Restate each entry exactly, without pictures.
==*==
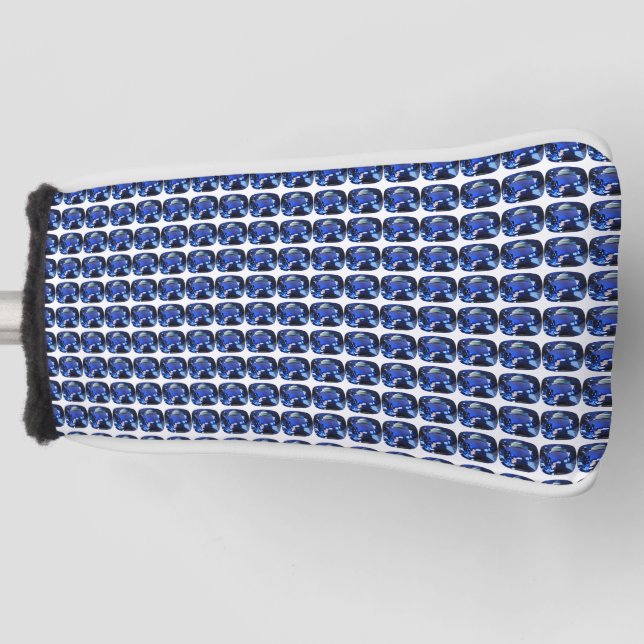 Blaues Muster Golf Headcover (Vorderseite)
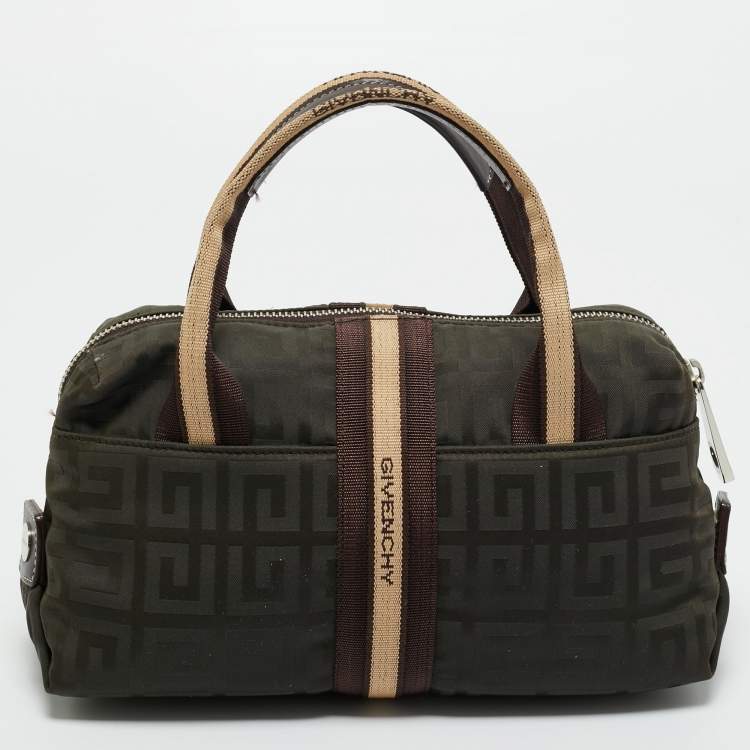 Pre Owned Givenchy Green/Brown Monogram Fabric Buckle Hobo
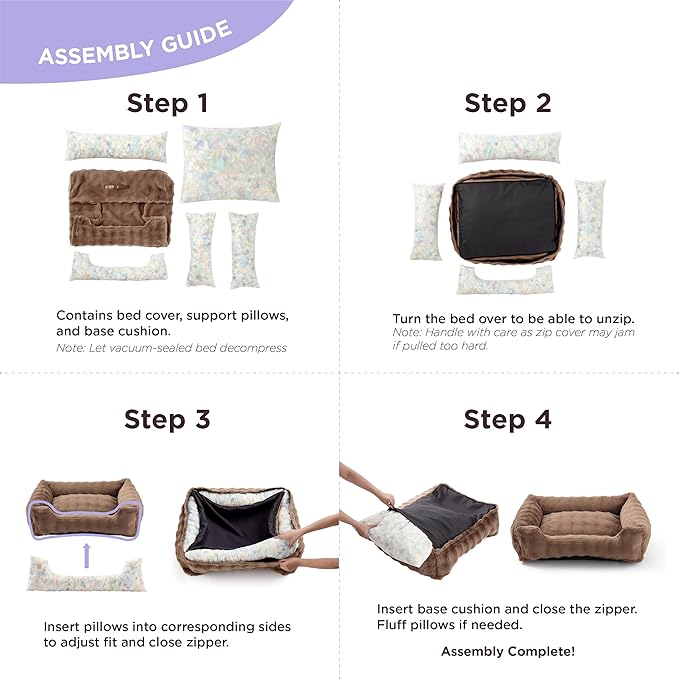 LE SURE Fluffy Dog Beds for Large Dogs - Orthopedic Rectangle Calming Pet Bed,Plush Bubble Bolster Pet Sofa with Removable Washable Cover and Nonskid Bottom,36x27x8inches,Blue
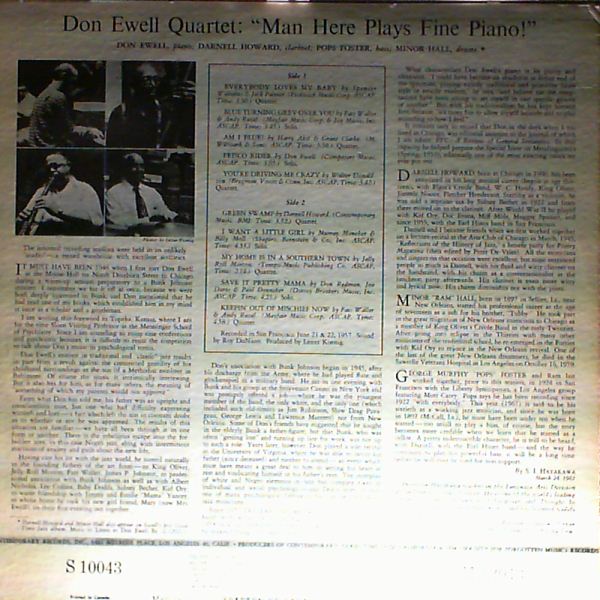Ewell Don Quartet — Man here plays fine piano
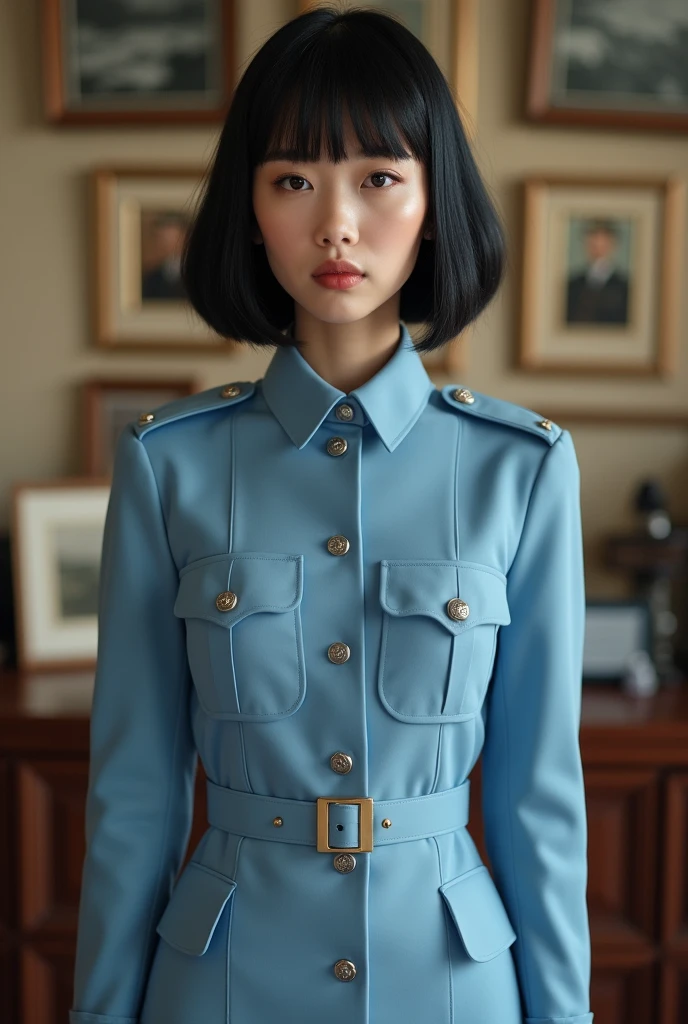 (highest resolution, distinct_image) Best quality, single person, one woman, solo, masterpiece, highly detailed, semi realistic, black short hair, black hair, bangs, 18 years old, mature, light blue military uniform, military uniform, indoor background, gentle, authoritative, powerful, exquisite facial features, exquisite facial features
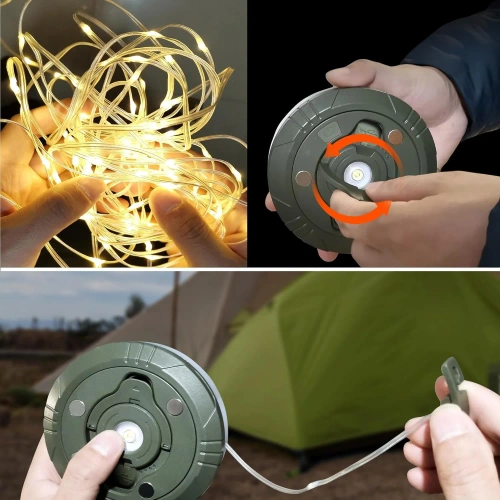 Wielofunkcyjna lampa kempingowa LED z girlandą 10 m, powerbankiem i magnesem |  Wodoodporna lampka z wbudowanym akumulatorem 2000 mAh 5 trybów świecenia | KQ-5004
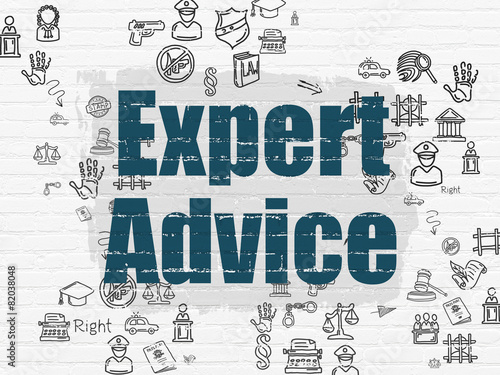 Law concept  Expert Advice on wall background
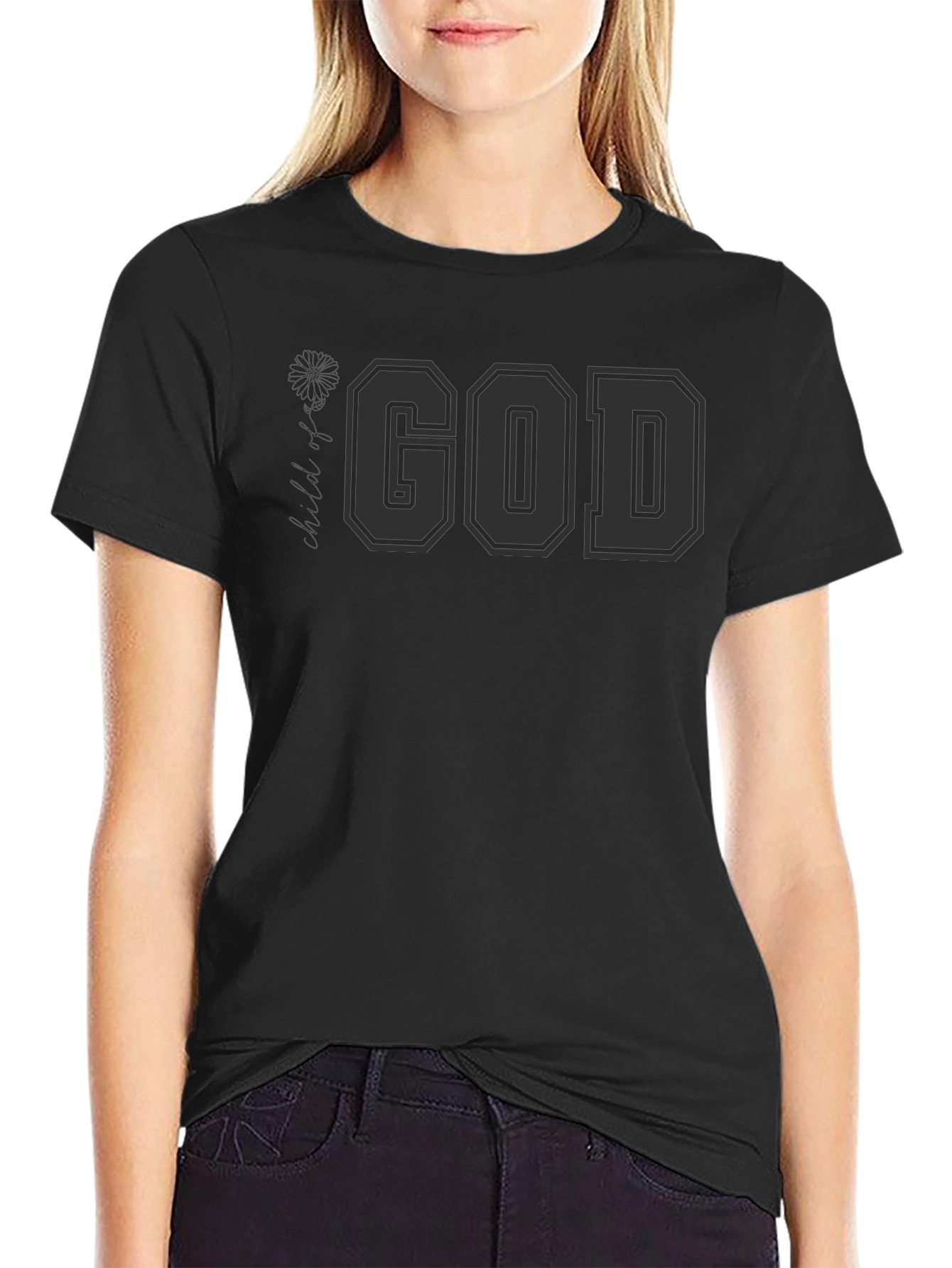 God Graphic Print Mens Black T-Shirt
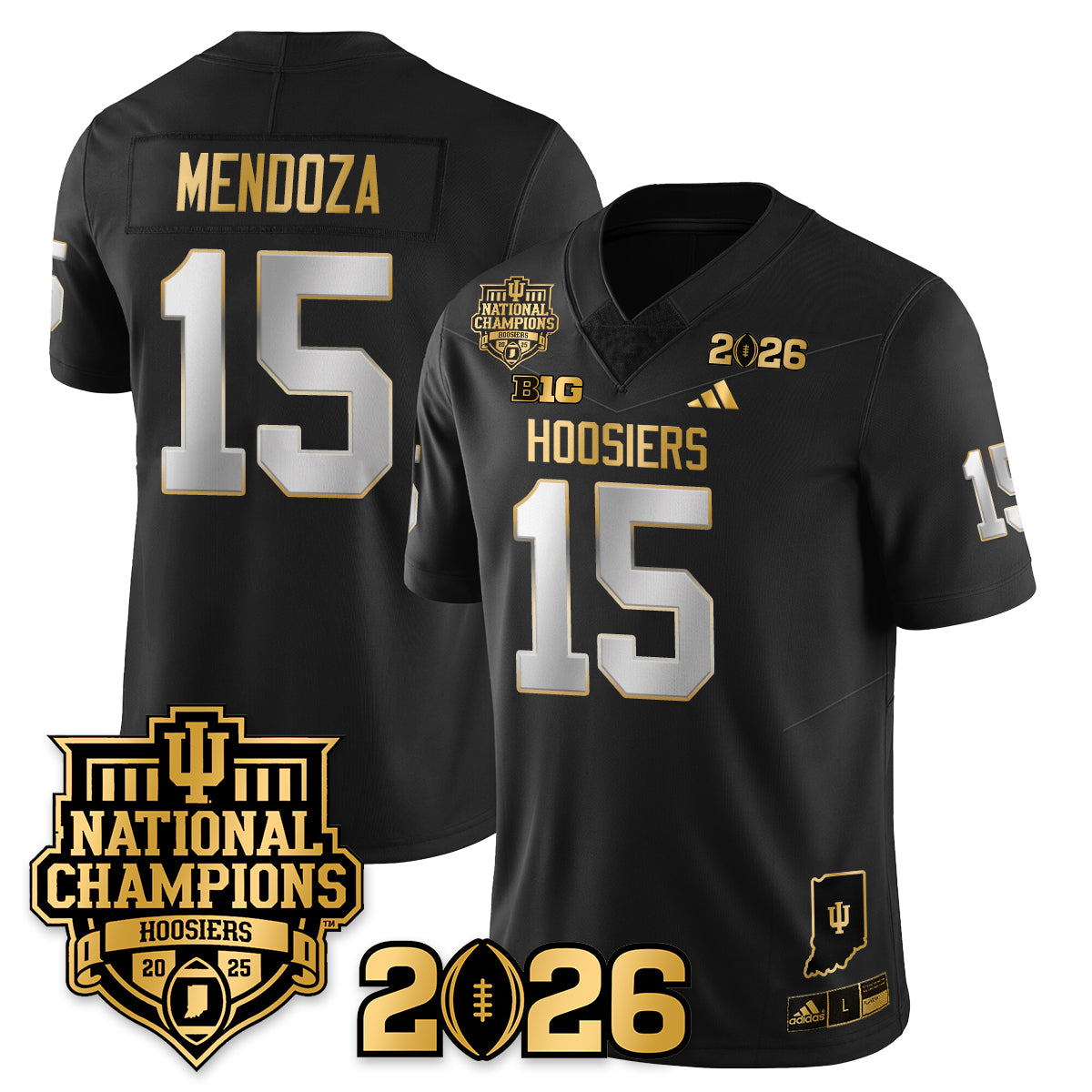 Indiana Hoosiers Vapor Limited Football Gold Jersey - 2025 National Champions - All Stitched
==*==
RESULT OF THIS TASK
 Blaues Muster Golf Headcover (Vorderseite)
 Pre Owned Givenchy Green/Brown Monogram Fabric Buckle Hobo
 LE SURE Fluffy Dog Beds for Large Dogs - Orthopedic Rectangle Calming Pet Bed,Plush Bubble Bolster Pet Sofa with Removable Washable Cover and Nonskid Bottom,36x27x8inches,Blue
Ewell Don Quartet — Man here plays fine piano
 (highest resolution, distinct_image) Best quality, single person, one woman, solo, masterpiece, highly detailed, semi realistic, black short hair, black hair, bangs, 18 years old, mature, light blue military uniform, military uniform, indoor background, gentle, authoritative, powerful, exquisite facial features, exquisite facial features
 Wielofunkcyjna lampa kempingowa LED z girlandą 10 m, powerbankiem i magnesem |  Wodoodporna lampka z wbudowanym akumulatorem 2000 mAh 5 trybów świecenia | KQ-5004
 Law concept  Expert Advice on wall background
 God Graphic Print Mens Black T-Shirt
 Indiana Hoosiers Vapor Limited Football Gold Jersey - 2025 National Champions - All Stitched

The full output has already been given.